Go back to boats. I'm driving around in my boat on a big river with a 5 mph current. My boat goes 30 mph. If I'm going with the current, my boat is going 35mph relative to the river bottom and the shoreline. If I turn around and go the other way, my boat is going 25mph relative to the river bottom and the shoreline. If I go across the current, it's a wash and my boat speed and speed over the river bottom is the same, as if there was no current.
My boat's water speed is 30 all this time. My boat's "river bottom speed" is water speed plus or minus the effects of the current. As far as the boat itself goes, it doesn't know or care what direction its going relative to the river bottom, it's just concerned with the speed relative to the water surface, which is moving relative to the bottom.
An airplane is flying along a "river" of air and it has its airspeed, the speed through the air mass, and it's speed relative to the surface the air mass is flowing over, the "river bottom", or the ground in our case.

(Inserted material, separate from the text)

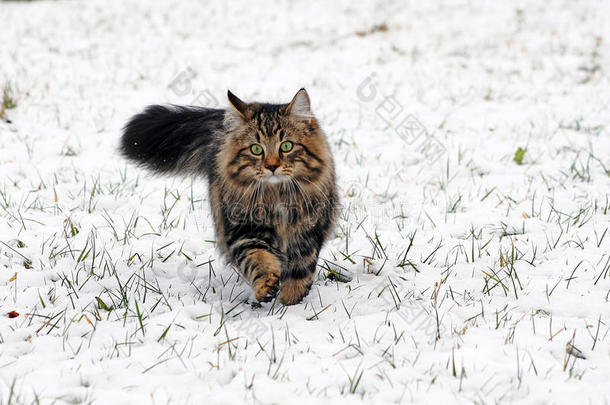 在雪<strong>地</strong>里玩耍是一种乐趣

The pilot's main concern with groundspeed is the same as the boat captain's concern with boat speed added or subtracted from the current (say when navigating in the ocean). It affects how long it will take to get from A to B, and how much fuel will be required, and related things.
It doesn't have much effect on the flying of the plane itself except in an extreme case like a windshear encounter, where the inertia of the airplane itself can be a factor. The case you describe could be what is called a "reduced performance shear", which is a very sudden and extreme tailwind, which makes airspeed drop while groundspeed stays the same or increases fairly slowly. An airliner on approach that ends up with a downburst behind it, and is caught in the high velocity outflow of the downburst from behind, would see that happen due to the inertia of the aircraft until it's able to recover it's original speed through the air mass. While it's doing this it would have to pitch up and use some of its inertial energy to keep from descending below the glide path.
Even there though, you aren't really concerned with the groundspeed itself, except to the extent that the groundspeed affects how quickly go from A to B on the approach. You are totally concerned with recovering the lost airspeed that the airplane needs to fly.